The Saturday lineup featured Rickey Henderson, Dick Butkus, Gale Sayers, Ernie Banks, Jose Canseco, Dan Marino, Jim McMahon, Mike Ditka, Mike Singletary, Michael Vick, Mike Schmidt, Arian Foster, Devin Hester and more.
The Sunday lineup featured Bobby Hull, Pete Rose, Tim Raines, Dennis Rodman, Roberto Alomar, Bert Blyleven, Scottie Pippen, Tom Seaver, Matt Ryan, Sam Bradford, “Mean” Joe Greene, Joakim Noah and others.
“The economy certainly still affects our business,” Schwartz said. “Friday was a typical Friday. It was fair, nothing overly crazy. Many came Friday to buy tickets for Saturday. And the last 50 of Derrick Rose’s 250 tickets went on sale, and they were sold out in 15 minutes.
“Saturday, the only time I remember it being that crazy was when Peyton Manning was at the show when he won Super Bowl MVP, and he was there along with Butkus, Brian Urlacher and Singletary.
“We had a really good lineup. The Bears did real well this season, so people are excited about the Bears again. That helped. All Bears, current and former, did really well.”
Henderson was making his first Chicago-area autograph appearance since making the Hall of Fame. Same for Blyleven and Alomar, and each did well, Schwartz said.
Marino autograph tickets started at $99, which probably was the cheapest his autograph tickets have been at a show in 10-plus years, Schwartz said. “That definitely was a big draw.”
The biggest overall draws were Butkus and Singletary, followed by Marino, Matthews and Pippen. “If we had the chance, Derrick Rose probably would have sold 500 tickets. But he was a sell-out at 250,” Schwartz said.
Singletary and Butkus each sold more than 350 autograph tickets to the public, no doubt a surprise considering how often each has signed locally.
Henderson and Vick each sold more than 200 autograph tickets, which surprised Schwartz.
On the other end of the spectrum, Schwartz said he was surprised by slow sales for autograph tickets of Foster and Ryan. “They might have gotten lost in the shuffle of all the other stars, or out of place in a Chicago show,” he said.
Pippen, according to Schwartz, has been the No. 1 name on his list for signers wanted by collectors for the last several years, and this was his first public autograph session in more than 10 years.
So who’s next?
Schwartz’ list, comprised from collector input, includes Mike Tyson, Mia Hamm and Greg Maddux.
“Collectors still really want to meet the stars and get their item authentically signed. They really like the opportunity to shake someone’s hand when they get a signature, not just buy the signature online,” Schwartz said.
On the floor
New York-based dealer Lisa Stellato of (Never Enough Cards Inc. commented, “It was nice to see the large turnout of consumers this weekend with lots of families with children. New card sales seemed to be more to the casual fan. True collector sales were light, and we would like to see more of that type of collector attend. But overall, taking the economy into consideration, it was positive.”
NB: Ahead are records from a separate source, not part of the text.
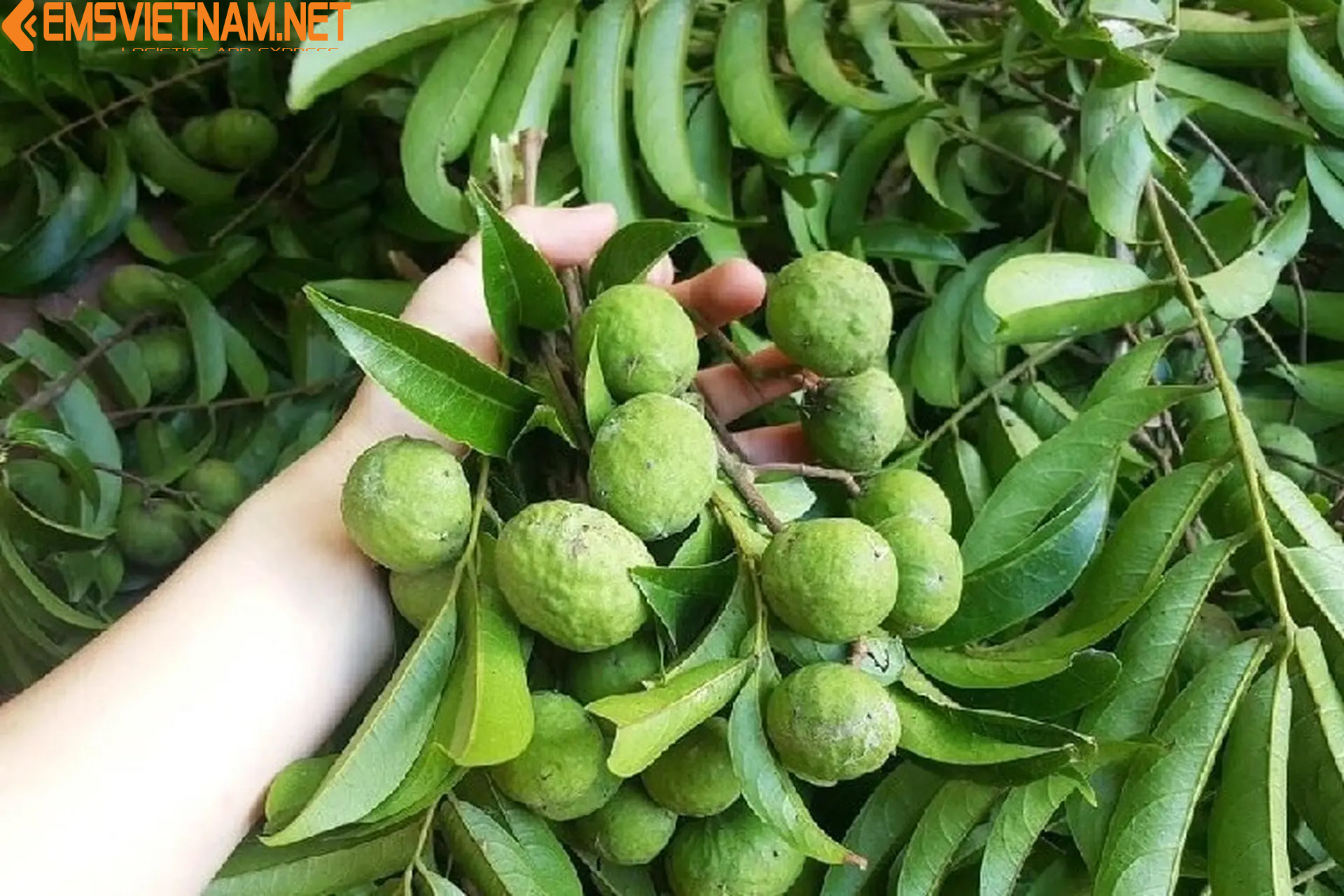 GỬI TRÁI SẤU TỪ HÀ NỘI ĐI ĐỒNG NAI - NHANH CHÓNG - TIẾT KIỆM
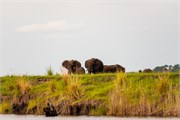 093-ToChobe-Cruise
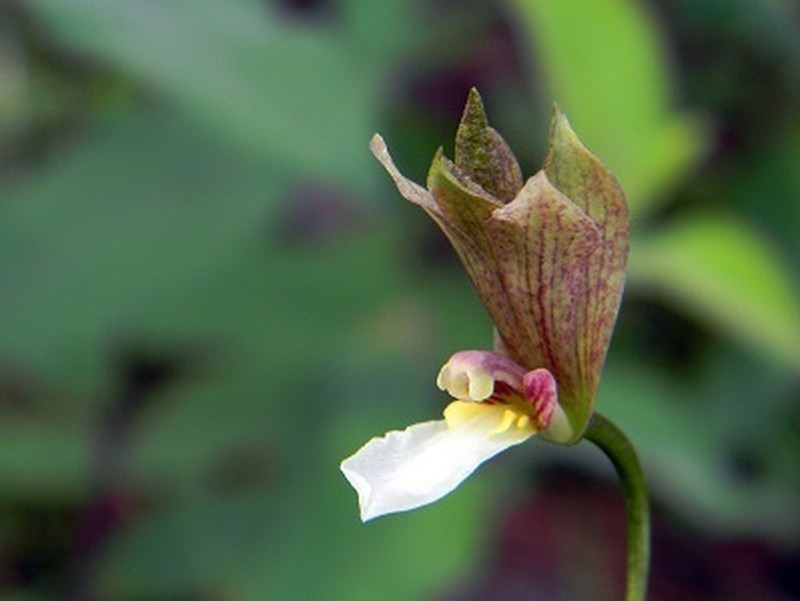 Bletia punctata photo 8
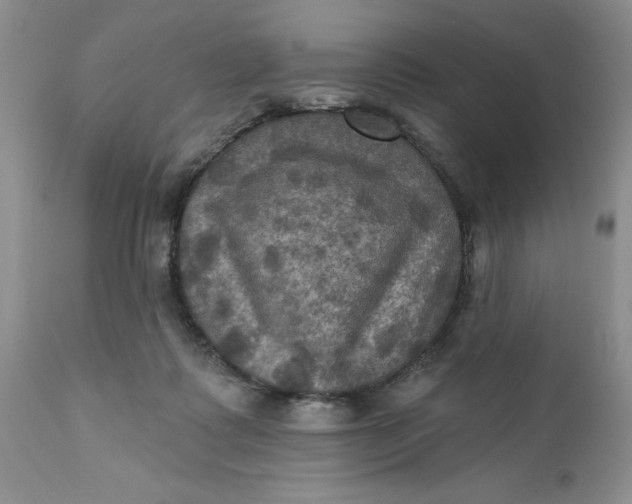 X0000112030315200908241544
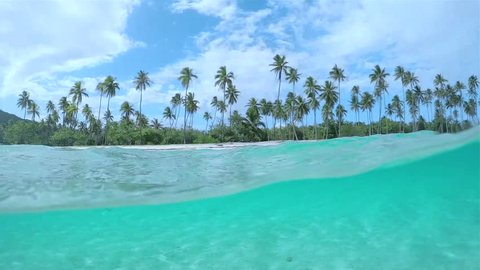 SLOW MOTION HALF UNDERWATER: Amazing crystal clear ocean lagoon in front of exotic white sandy beach with tall lush palm trees growing on tropical island in sunny summer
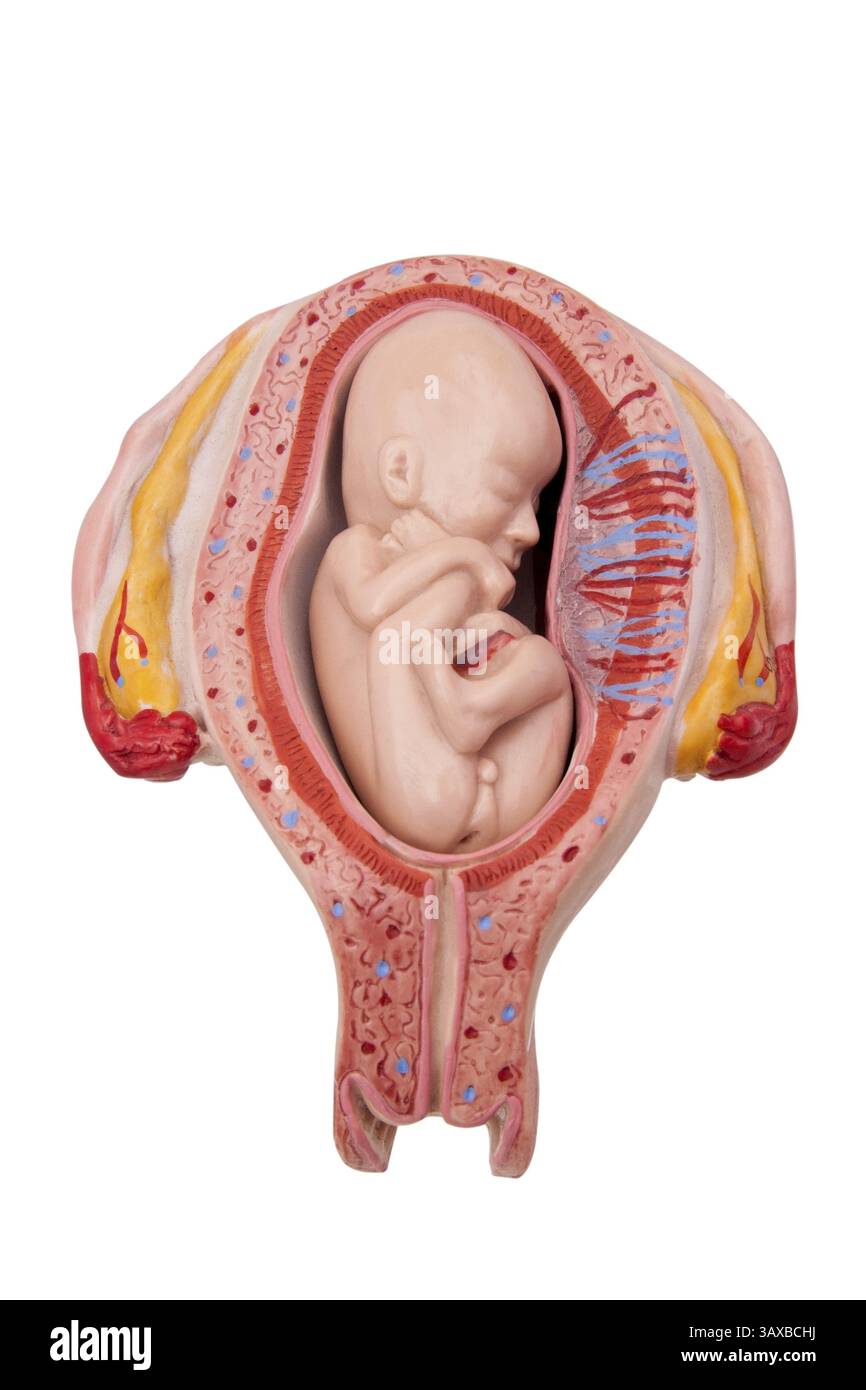 Medizinisches Modell eines Fetus im Gebärmutterleib - Freisteller Stockfoto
New Jersey-based dealer Alan Rosen was at the show, front and center, with cameras rolling, filming his dealing for a possible reality TV show to be aired on TruTV. Details are forthcoming.
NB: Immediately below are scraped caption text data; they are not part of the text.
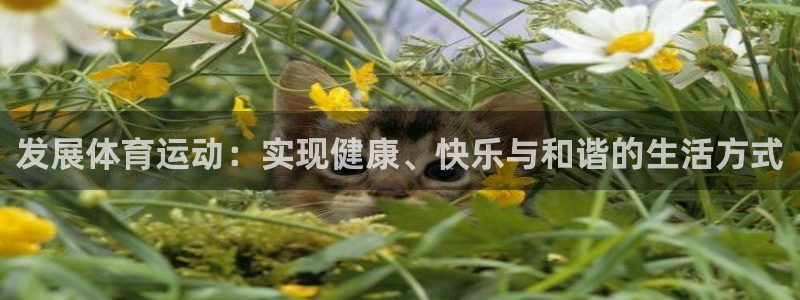 JJB竞技宝官方正版app代理：发展体育运动：实现健康、快乐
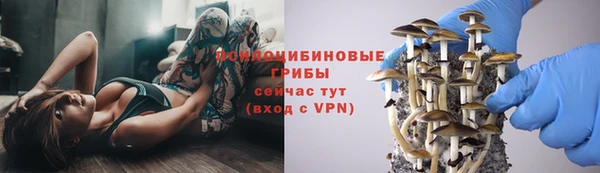 ALPHA PVP Алзамай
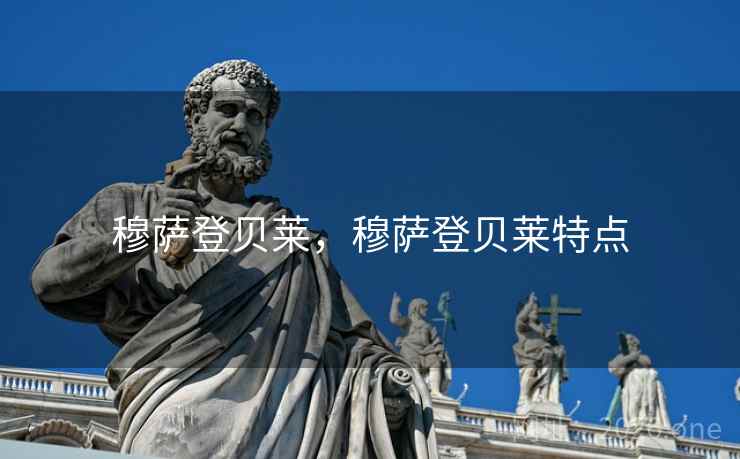 穆萨登贝莱,穆萨登贝莱特点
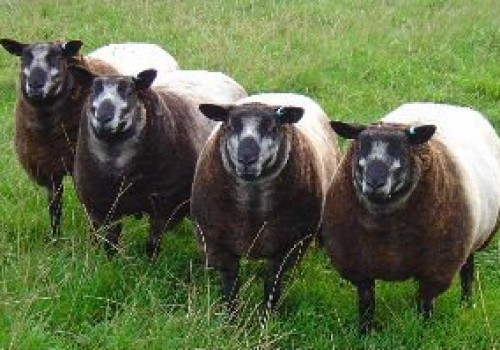 Blue Texel Koyun ırkı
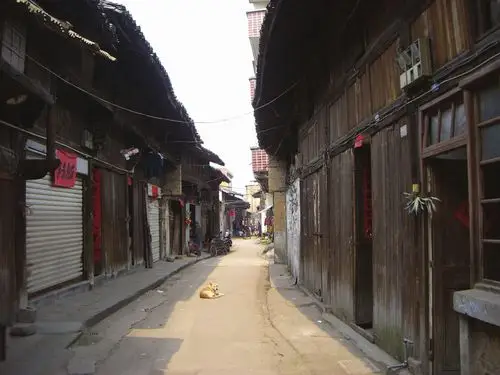 武义报数字报刊平台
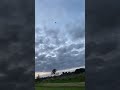 Flying penis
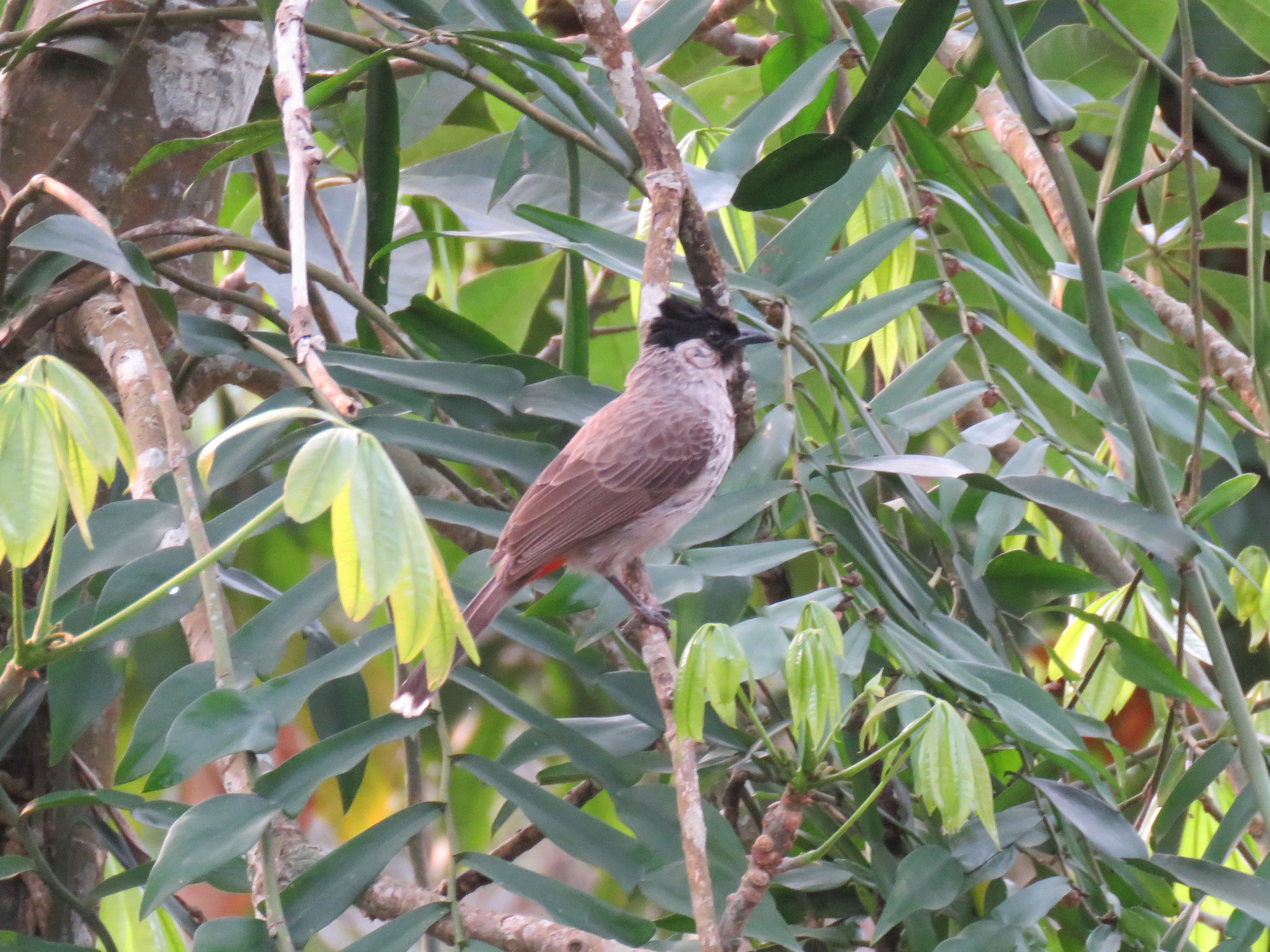 Sooty-headed Bulbul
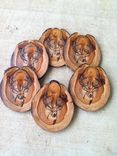 Custom Hand Burned Colorado Aspen Coasters 1 small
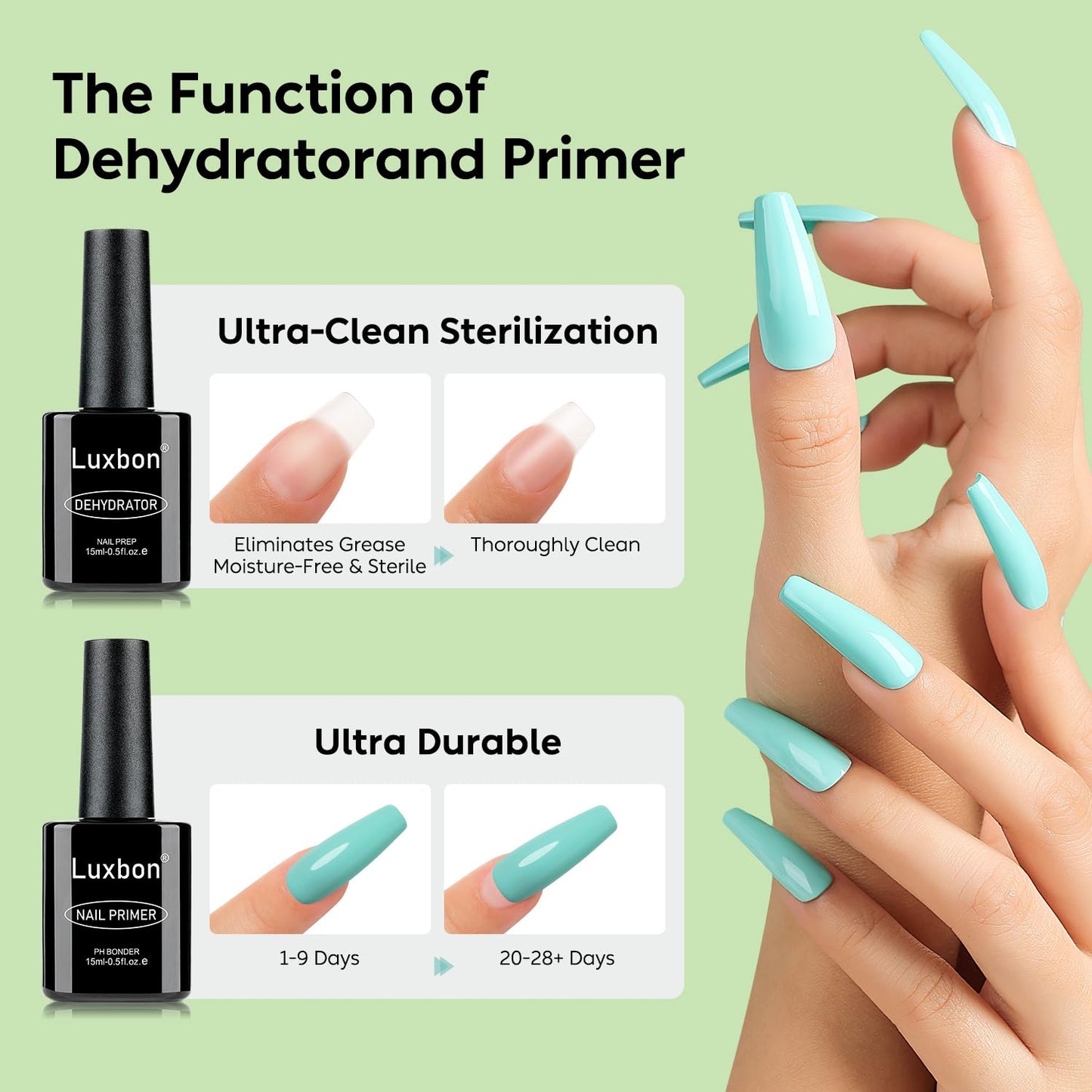 Luxbon 2 Pcs 15ml Nail Primer & Nail Dehydrator Set - Long Lasting, Shine Finish, UV LED Nail Lamp Soak Off Gel Nail Prep Set Manicure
“It was packed, incredible,” Rosen said of the show. “Gosh, there were a lot of people there. It was amazing. This was one of the biggest, largest-attended shows I have ever been a part of, ever. Sunday was just as good as Saturday. It was jammed all weekend, thanks to a great autograph lineup. It was a good show; I had a good time.”
Rosen’s camera crew conducted 65 interviews, and watched as the fabled Mr. Mint spent $50,000 during the weekend.
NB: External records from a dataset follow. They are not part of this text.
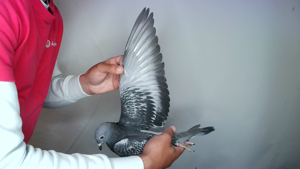 Pigeon image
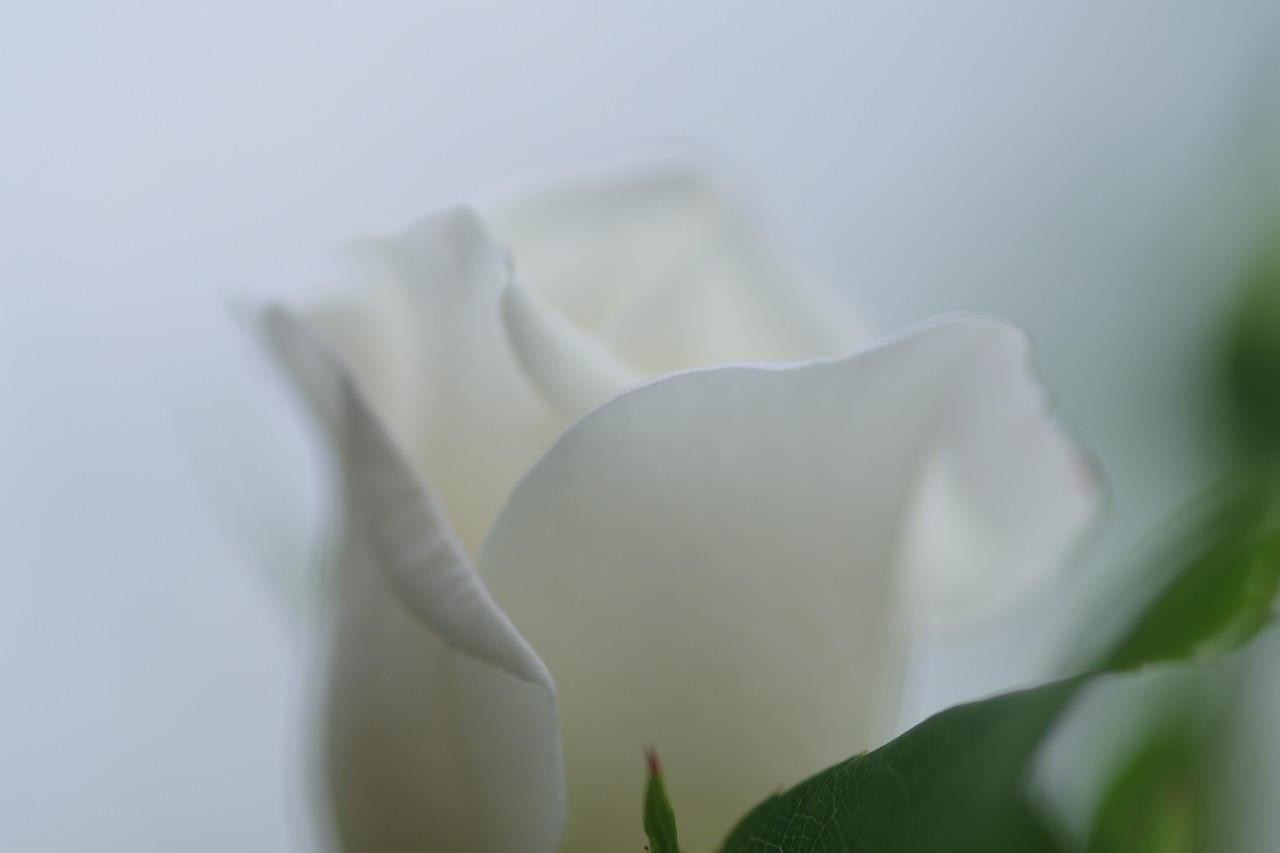 群馬県前橋市の敷島公園のバラ園の花々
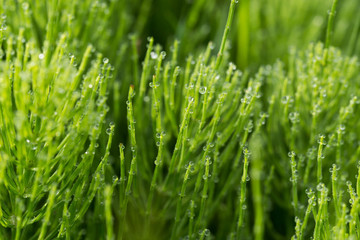 Fototapeta na wymiar Equisetum arvense, field horsetail, common horsetail with dew drops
“That’s good, above average in this economy,” he said. “It’s nice to see the hobby is strong. There were a lot of kids there, and that’s a good sign.”
Rosen’s reality show, still pending, would be a 10-week show. The Sun-Times Show was the first time cameras were alongside Rosen at a show.
“Everyone wished me luck; no one was negative,” said Rosen, who also went to several dealers for comments, such as Dave Bushing who talked about bats.